Friday, July 21, 2006

Spotlight on the Jews of Lebanon

With the conflict raging between Israel and Hezbollah the moment is perhaps opportune to investigate the situation of the Jews of Lebanon.

Estimates of the current population range from one to 60. At its height the community numbered more than 10,000. Between 1948 and 1967 the Jewish community of Lebanon was the only one in an Arab country to increase in size, swollen by Jews from Syria and Iraq fleeing persecution. But many fled after the 1967 war; most of the remainder left in 1976 fearing the increasing influence of Syria during the civil war. Several Jews were abducted and murdered in the 1980s. Here's a potted history.

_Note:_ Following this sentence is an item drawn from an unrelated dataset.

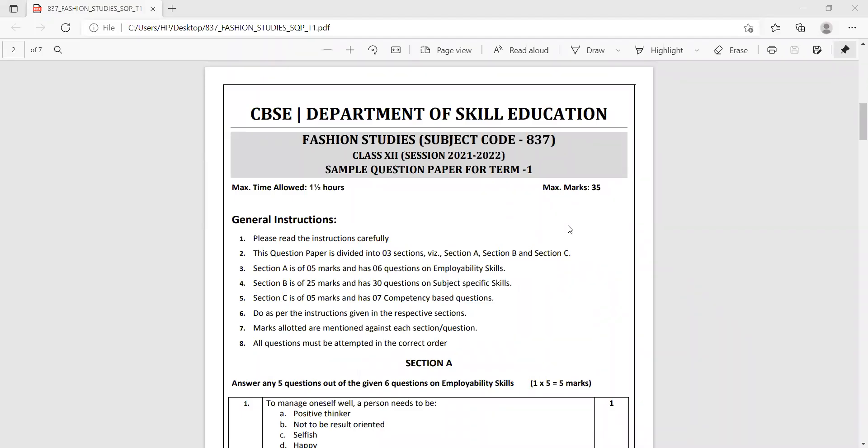Hello children, let us now go through the sample paper issued by CBSE today for Fashion Studies, subject code 837, for class 12 for the session 2021-22. The paper is for 35 marks and the duration is one and a half hours.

Unlike Jews in other Arab countries the rights of the Jews of Lebanon were constitutionally safeguarded by a confessional system where each religious community's 'inalienable rights' were acknowledged under Le Reglement - a set of rules written after the 1860 Civil War. This established a system of power-sharing in which all the major religious communities were represented. The Lebanese Jews were one of 17, the largest of six minor religious communities. Although the Jewish community is on the verge of extinction, some non-Jewish Lebanese* still aim to exploit the Jews to project the illusion that the multi-confessional system still exists, although the influx of Palestinian Arab refugees in 1970 and the 1975 civil war upset its delicate political and population balance between Maronite and Greek Orthodox Christians, Shi'a, Sunni and Druze.

For anyone wishing to find out more, The Jews of Lebanon by Kirsten E Schulze (Sussex Academic Press, 2001) is a well-researched and detailed book. But it suffers from a common disease among comtemporary academic studies - a tendency to blame Israel for the demise of the Jewish community. Thus, while it is true that the Jews of Lebanon did not suffer from overt institutional antisemitism and persecution, social and religious antisemitism was rife. Schulze challenges the Jews' dhimmi status, ignores religious Islamic antisemitism and anti-Zionism, and minimises a rampant Greek Orthodox Christian antisemitism which still holds the Jews responsible for the death of Jesus.

In her zeal to promote a pluralist, interconfessional Lebanese ideal, Schulze cannot adequately explain how come the Jewish community was the only Lebanese minority to have been wiped out. Her claims that Lebanese Jews were anti-Zionist and did not emigrate to Israel are simply untrue.

*Warning: According to Lebanese Jewish contacts, this website purports to be by and about the Jews of Lebanon but is in fact a hoax and an exercise in disinformation. At least one picture is incorrectly captioned. The list of synagogues is not a list of Lebanese, but Sephardi synagogues. It also makes an extravagant (and unverifiable) claim that 250 Jews have actually returned to Lebanon.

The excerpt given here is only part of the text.